Balance Omega Fats to Save Your Life
Dr Michael Colgan 27 August 2013
Dr Michael Colgan 27 August 2013
Most medical scientists now accept that chronic inflammation is the root cause of cardiovascular disease.(1,2) But, largely for commercial reasons, health policies last century cast saturated fats and cholesterol as the villains, and aimed to get rid of them.
A wise old politician friend of mine, now retired..., puts it this way,
“With surging mass production driving the economy, and manufacturers screaming for shelf life, we convinced ourselves it couldn’t be that bad for health to switch to vegetable oils, and it was certainly good for business.”
Consequently, food manufacturers replaced saturated fats in cooking with polyunsaturated vegetable oils, hydrogenated for stability, which created multiple toxins, including trans fats. In turn, these toxins have caused massive increases in inflammation and massive increases in the very diseases they were meant to reduce.
Manufacturers now cook most baked goods and processed, packeted foods, and almost all crackers, chips, and fries and fast foods with high-omega-6 oils such as soybean, safflower, corn, and canola. For business, it yields much longer shelf life. Once you break the seal, however, oxygen gets in and the oil goes rancid. Rancid vegetable oil is that “enticing” smell of the multiplex.
But rancidity is not the biggest problem, nor even the trans fats. The worst result of adoption of vegetable oils for manufacturing the pseudo-foods that now fill your supermarket is the huge increase in omega-6 fats in our food supply.
Omega-6 is an essential part of every cell membrane. But to maintain good health it has to be there in the right balance with omega-3. If the balance shifts by consuming excessive omega-6, the cell membrane pours out chemicals called cytokines that directly cause inflammation.(3)
Prior to use of these vegetable oils, the ratio of omega-6 to omega-3 fats in the diet was about 2:1, the same as in the ancestral diet upon which we evolved.(4) That’s the average level our cells are designed to work with. Today, the American diet contains an extreme imbalance of 15:1, which produces huge amounts of inflammatory cytokines.(5)

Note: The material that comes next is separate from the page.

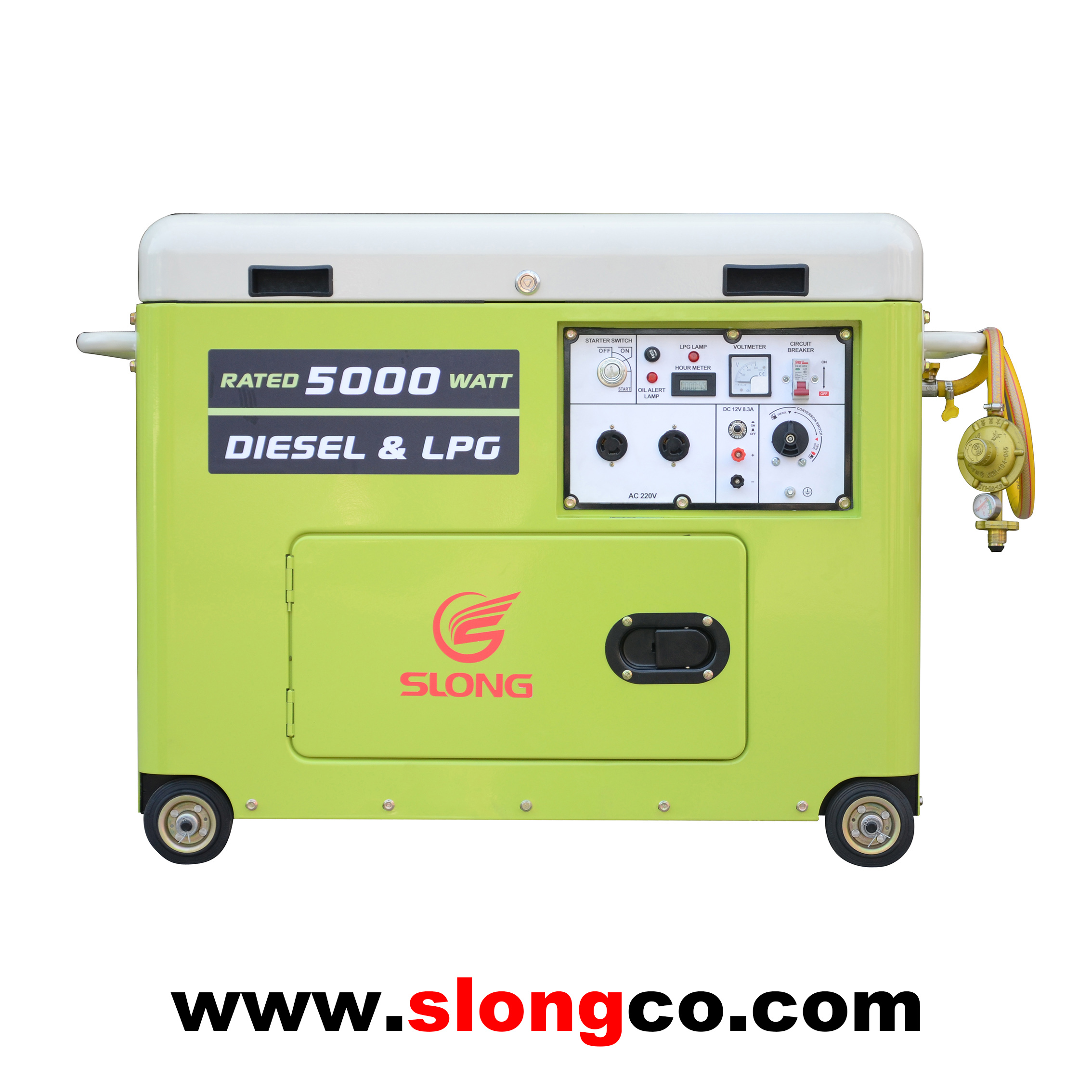SLONG 5kw silent dual fuel diesel & gas generator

One tablespoon of corn or soybean oil contains approximately 7,000 mg of highly processed omega-6 fat. In contrast, the average American intake of omega-3 has fallen to only 30-60 mg a day. Inflammation rampant !

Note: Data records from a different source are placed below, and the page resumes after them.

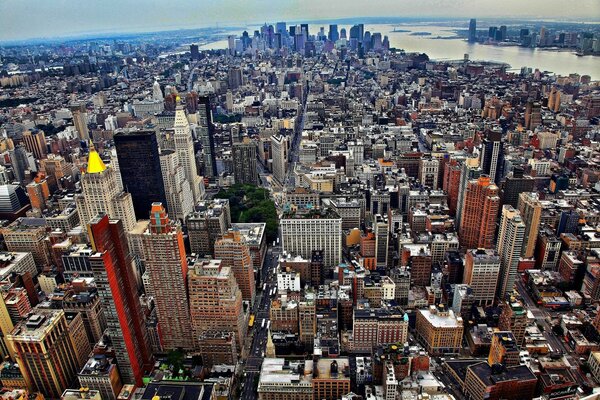 Blick aus der Vogelperspektive auf New York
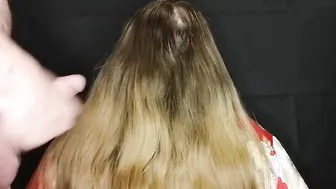 Thick and long hair get a mask of sperm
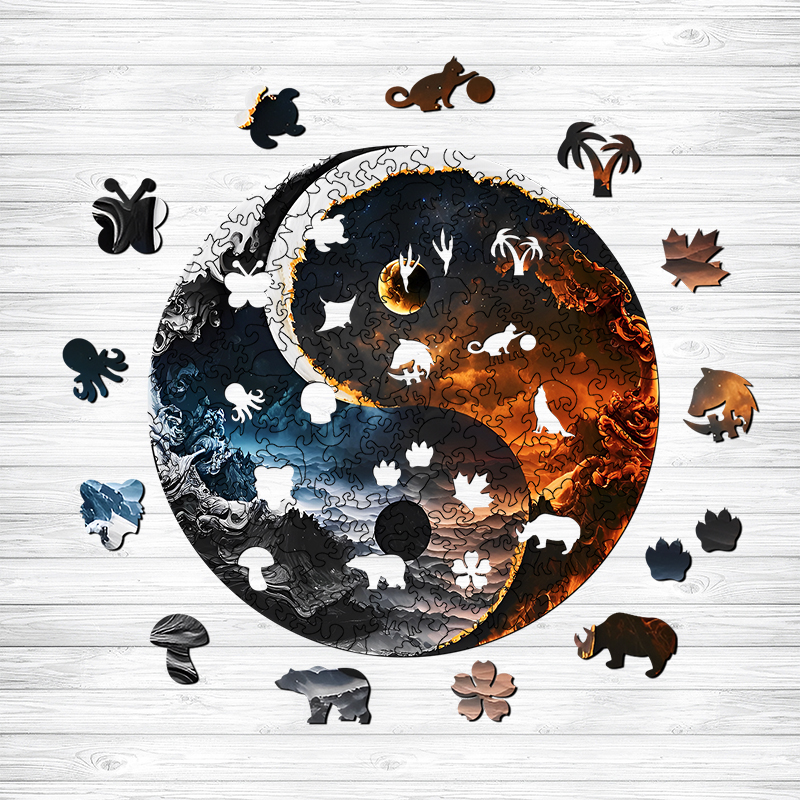Planet Of Darkness Yin Yang Wooden Jigsaw Puzzle - aimpuzzle
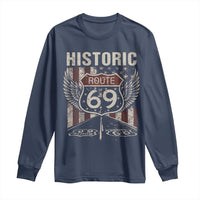 Historic Route 69 Highway Road Long Sleeve Shirt Americana Vintage USA Flag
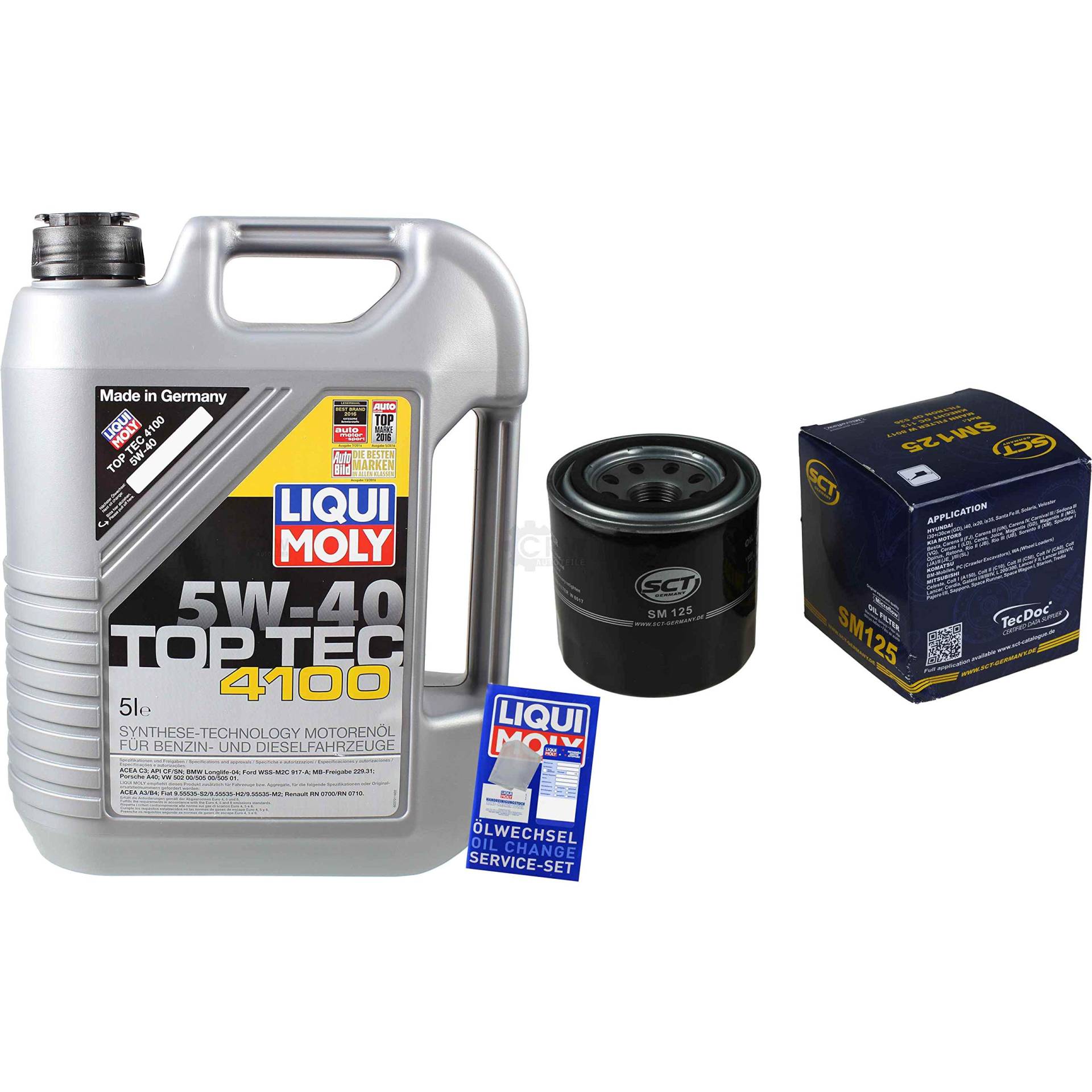 Filter Set Inspektionspaket 5 Liter Motoröl Top Tec 4100 5W-40 SCT Germany Ölfilter Filter Set Inspektionspaket 5 Liter Motoröl Top Tec 4100 5W-40 SCT Germany Ölfilter von Diederichs
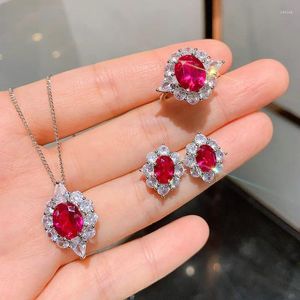 Collana orecchini set SINZRY pietra rossa zircone pendente orecchino anello gioielli per le donne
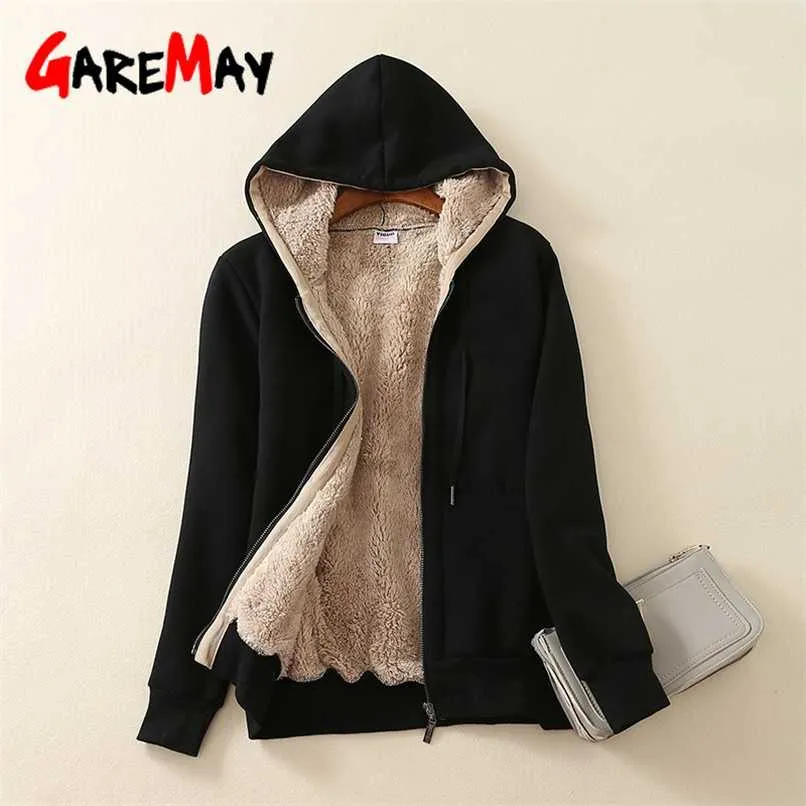 Winter Damen Warme Casual Hoodie Jacke Damen Dicke Samt Langarm Reißverschluss Lamm Kaschmir Hoodies Weiblicher Mantel Plus Größe 211109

Our current epidemic of obesity from overeating pseudo-foods makes the problem worse. The overloaded fat cells also pour out large quantities of inflammatory cytokines, that compound the inflammatory injury caused by the very food that overloaded them.(6)

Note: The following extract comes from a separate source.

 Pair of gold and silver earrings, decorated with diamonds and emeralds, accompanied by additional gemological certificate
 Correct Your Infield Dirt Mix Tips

From both the fat used to cook them, and the fat they deposit on your belly, that lunchtime bag of chips trips the inflammation trigger every day. Over time it creates a vicious cycle of overweight, heart disease, hypertension, and diabetes,
It‘s even worse for the brain, in which the omega -3 balance is critical for normal function. (7) We know now that Alzheimer’s disease is largely a slow accumulation of chronic inflammation.(8) Uncommon in the 1950s, Alzheimer’s disease, is now the 6th leading cause of death in North America.
Simple to restore the omega-6 to omega-3 balance, slash your risk of chronic inflammation, and save your brain. First, take a good omega-3 supplement. Then buy your food from the perimeter of the supermarket. Stop your cart before you enter pseudo-food country in the middle isles. Observe the folk in there for a bit. It might be just enough to turn you around.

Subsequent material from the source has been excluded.